The pictures in the listing below are to be skipped, while the lines between the line holding "jogo bicho caico" and the line holding "SHE LIKES HOMOS, NOT", inclusive, are to be output exactly.

╭──

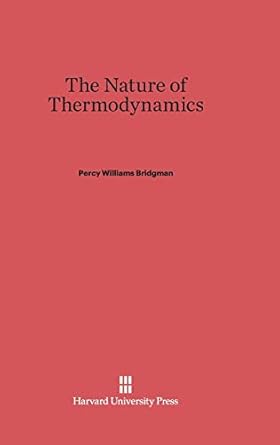 the nature of thermodynamics 1st edition percy williams bridgman 0674730305, 978-0674730304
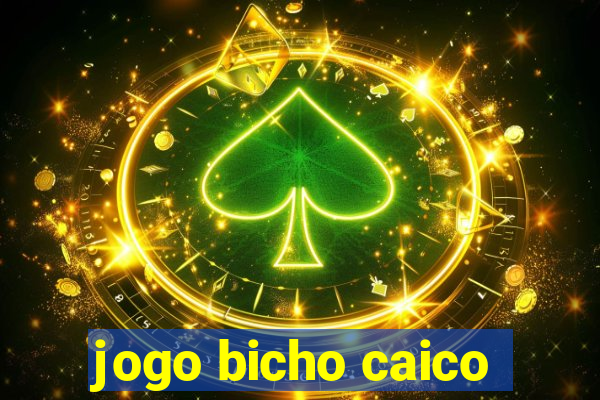 jogo bicho caico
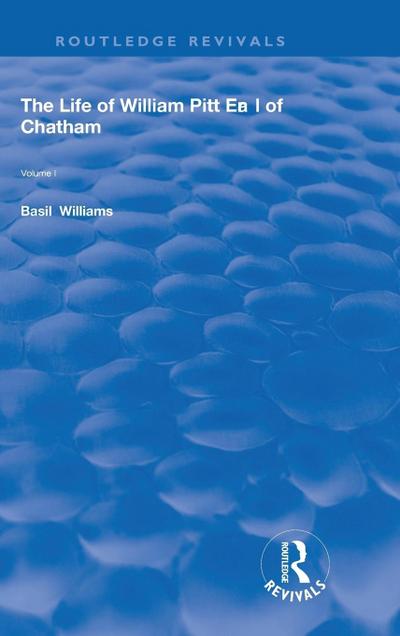 The Life of Wiliam Pitt Earl of Chatham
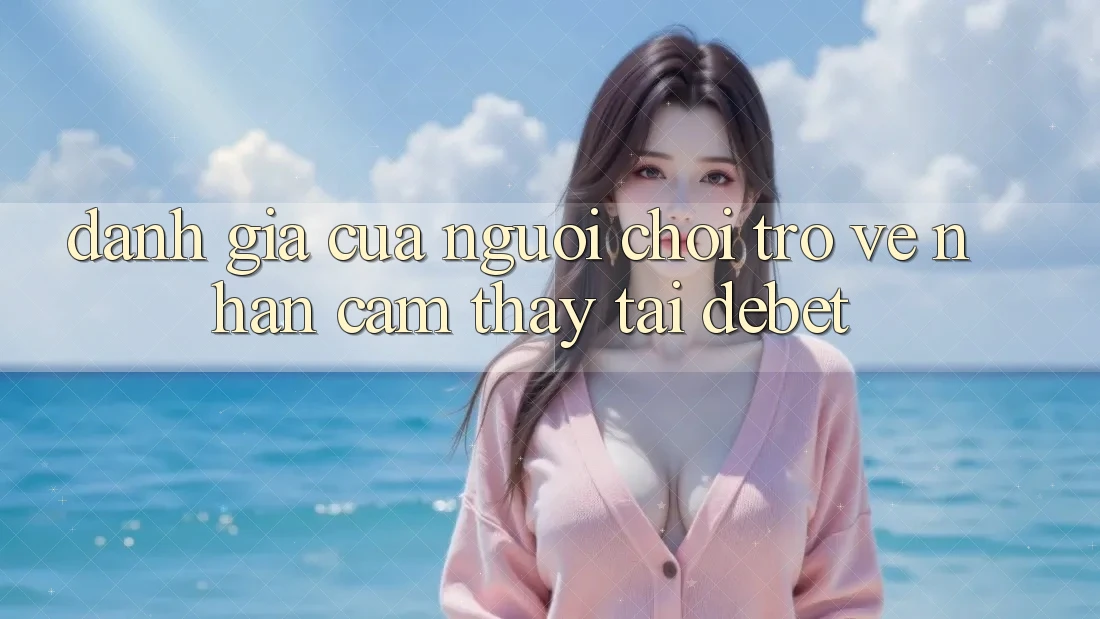 Đánh Giá Của Người chơi Trở về Nhận cảm thấy Tại Debet Đánh Giá Của Người chơi Trở về Nhận cảm thấy Tại Debet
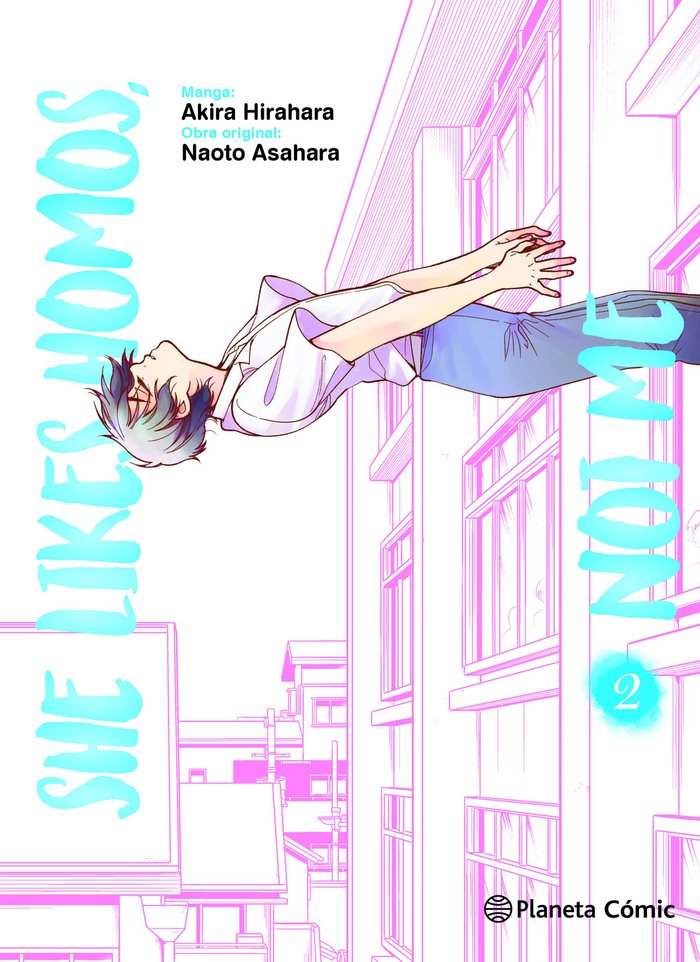SHE LIKES HOMOS, NOT ME Nº 02/03, de ASAHARA, NAOTO | portada del libro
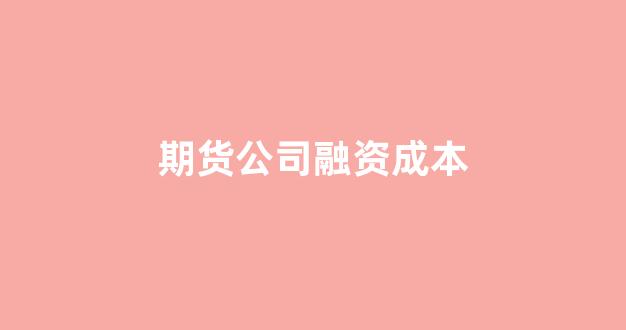 期货公司融资成本(期货交易融资业务)_https://www.xzdzcjn.com_上交所_第1张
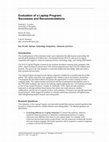 Research paper thumbnail of Evaluation of a Laptop Program: Successes and Recommendations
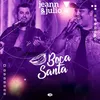 About Boca Santa Song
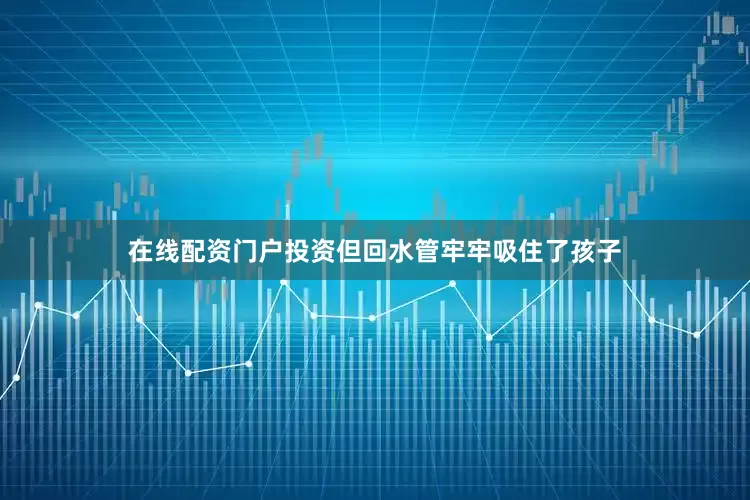在线配资门户投资但回水管牢牢吸住了孩子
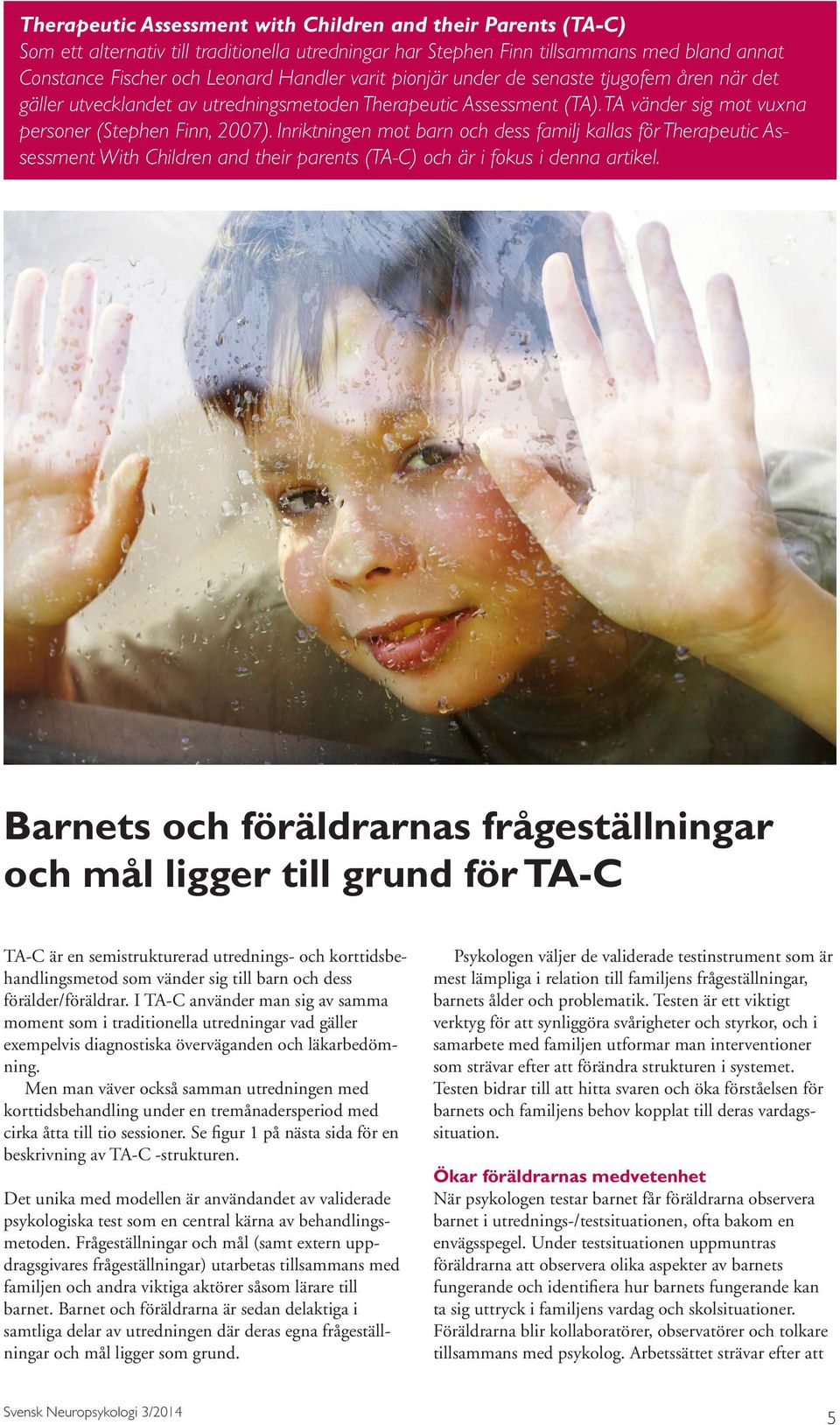 Inriktningen mot barn och dess familj kallas för Therapeutic Assessment With Children and their parents (TA-C) och är i fokus i denna artikel.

╰──

_Exercise output_
 jogo bicho caico
 The Life of Wiliam Pitt Earl of Chatham
 Đánh Giá Của Người chơi Trở về Nhận cảm thấy Tại Debet Đánh Giá Của Người chơi Trở về Nhận cảm thấy Tại Debet
SHE LIKES HOMOS, NOT ME Nº 02/03, de ASAHARA, NAOTO | portada del libro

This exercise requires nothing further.